Khalid Zadran told the AFP news agency on Tuesday that two improvised explosive devices (IEDs) went off outside Abdul Rahim Shahid High School in western Kabul.
“These are preliminary figures. We are on site and waiting for more details,” she said.
Zadran said a third explosion had occurred at an English-speaking center several kilometers away but in the same area. He did not specify if it was caused by an explosive. There were no immediate reports of casualties from there.
He had previously tweeted that three explosions had rocked the school, which is in an area inhabited mainly by the Shiite Hazara community, an ethnic and religious minority frequently targeted by ISIL (ISIS) in the past.
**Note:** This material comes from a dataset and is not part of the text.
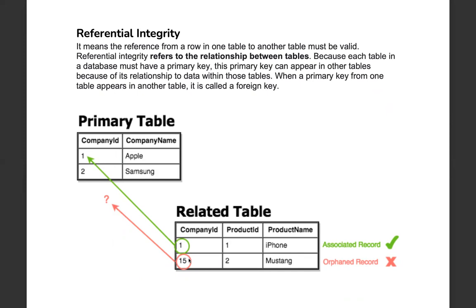In simple terms, if you have referential integrity, you can create a foreign key referencing a primary key in a different table. For example, if a company ID is a primary key with values 1 or 2, and a foreign key references it, the foreign key must contain a valid value — either 1, 2, or null — that exists in the referenced primary key. Any invalid reference violates referential integrity.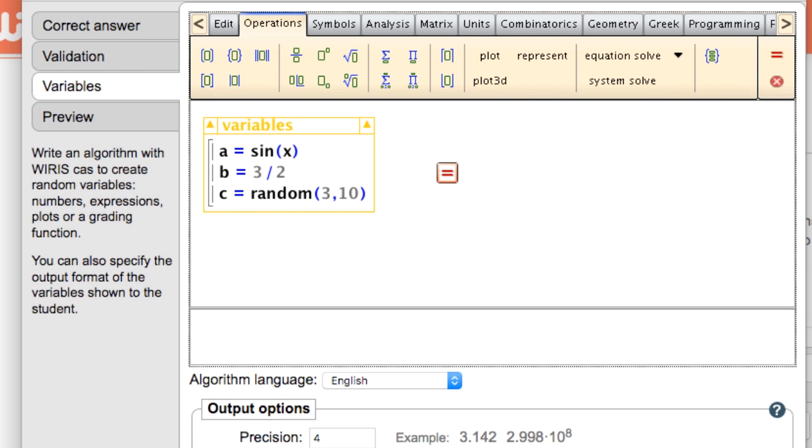Then different students viewing the question would have different questions with different answers. This is a typical scenario for use of variables, but with a bit of creativity there is a whole depth of possibilities.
Tuesday’s blasts occurred as students were leaving their morning classes at the school, which can hold up to 1,000 students, witnesses told AFP. It was not immediately clear how many children were in the school at the time of the blasts.
The blasts, which occurred in quick succession, are being investigated and more casualties are feared, according to the Zadran and Kabul Emergency Hospital. Several of the injured were in critical condition.
The head of a hospital’s nursing department, who declined to be named, told the Reuters news agency that at least four people were killed and 14 wounded in the blasts.
However, Al Jazeera has been unable to independently confirm casualty figures.
‘Blood spattered walls’
Guards on the narrow street leading to the two-story high school said they saw 10 victims. Inside the school, an Associated Press video journalist saw blood-spattered walls, burned notebooks and children’s shoes.
The AP spoke to several private guards in the area, but they refused to give their names for fear of repercussions from Taliban security forces cordoning off the area.
No one immediately claimed responsibility for the attack, which followed a lull in violence during the cold winter months and after foreign forces withdrew last year.
Afghanistan’s Taliban rulers say they have secured the country since taking power in August, but officials and international analysts say the risk of a rebellion remains.
A lot of attacks in recent months they have been claimed by ISIL.
In May of last year at least 85 people – mainly female students – were killed and around 300 injured when three bombs exploded near their school in Dasht-e-Barchi.